Según recoge la Constitución del país, el mandatario debe ceder el mando a su segundo en el caso de estar incapacitado, algo que ya ha ocurrido en otros casos. La novedad esta vez estaba en que nunca había sucedido en favor de una mujer porque hasta la fecha ninguna mujer había sido vicepresidenta del país más poderoso del mundo.
Es una anécdota, pero no deja de ser simbólica: una mujer accediendo al mayor puesto de liderazgo mundial, pero solo porque antes un hombre ha cedido el mando. Y eso, siendo sinceros, no es exactamente liderazgo.
En el caso de España, que no es el país más poderoso del mundo pero es una democracia occidental asentada, también hemos tenido precedentes similares cuando María Teresa Fernández de la Vega o Soraya Sáenz de Santamaría presidieron consejos de ministros a los que no asistieron los presidentes (hombres). Así las cosas, ambos países han tenido vicepresidentas, pero (hasta la fecha) ninguna mujer ha sido presidenta electa.

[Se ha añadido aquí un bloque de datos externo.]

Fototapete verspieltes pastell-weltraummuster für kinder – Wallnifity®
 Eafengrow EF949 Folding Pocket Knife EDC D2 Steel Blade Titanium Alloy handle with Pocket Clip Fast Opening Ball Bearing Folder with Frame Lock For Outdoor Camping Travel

La diferencia entre ambos casos está en que al menos en EEUU sí hubo una candidata con opciones (aunque ganó Donald Trump), mientras que aquí ninguno de los grandes partidos ha presentado a una mujer como cabeza de cartel a los comicios presidenciales. Solo Ciudadanos lo ha hecho con Inés Arrimadas, pero cuando la formación ya estaba en franco retroceso.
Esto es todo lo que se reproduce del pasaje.